What legacy did you leave on campus for future generations of Ambassadors to continue?

I left a legacy of constantly seeking opportunities for partnerships. My work was guided by my belief in the power of collaboration. Consequently, I regularly sought to encourage teamwork among students, student organizations, faculty, staff, and administrators in promoting civic engagement on campus.

As an Ambassador, how did you contribute to creating lasting change and a more democratic culture on your campus?

My priority as an Ambassador was to foster environments that encouraged students to ask questions, seek information, and be civically engaged beyond election season. I believe this contributed to creating a more democratic culture by empowering students to think critically about voting rights in Georgia and to be lifelong informed citizens.

How did your time in the Andrew Goodman Vote Everywhere program impact your development as a leader and community member?

Serving as an Andrew Goodman Ambassador enhanced my leadership abilities by teaching me to be an innovative strategic thinker. Whether it was devising strategies to create excitement around civic participation or finding ways to collaborate with student organizations, I always had to think outside the box. I developed a willingness to explore uncharted territories and take risks. Obstacles became opportunities.

Tell us about what you’re doing today. How did your time as an Ambassador inform your continuing education, work, or volunteerism?

Being an Andrew Goodman Ambassador showed me many different forms of social justice and advocacy work that I had not been previously exposed to. As a result, I wanted to pursue a post-graduate program that would allow me to continue learning diverse ways that I could apply my social justice interests to my career. I do this as a Fellow with the Coro Fellows Program in Public Affairs – New York City.

As an Alumni of our program, how are you continuing to reflect on our story and to carry forward the Goodman, Chaney, and Schwerner legacy today?

As a young professional, the legacy of Goodman, Chaney, and Schwerner inspires me to reflect on how I can best give of myself to a career that improves our society for the better. Goodman, Chaney, Schwerner, and countless others made the ultimate sacrifice to make this country more fair and just. It is my responsibility to honor them by refining my skills and acquiring knowledge to play my part in creating the world they envisioned.

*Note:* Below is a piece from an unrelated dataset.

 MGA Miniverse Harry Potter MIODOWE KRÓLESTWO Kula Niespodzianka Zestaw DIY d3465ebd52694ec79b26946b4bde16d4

What advice would you give to our current Ambassadors?

I encourage current Ambassadors to remember that the best work is not done by one person alone. Protecting something as critical as voting rights and democracy is truly a group effort. Seek out mentors you can learn from and people you can collaborate with to maximize your efficiency and success. Above all, ask for help when you need it. There will always be like-minded people ready to lend a hand.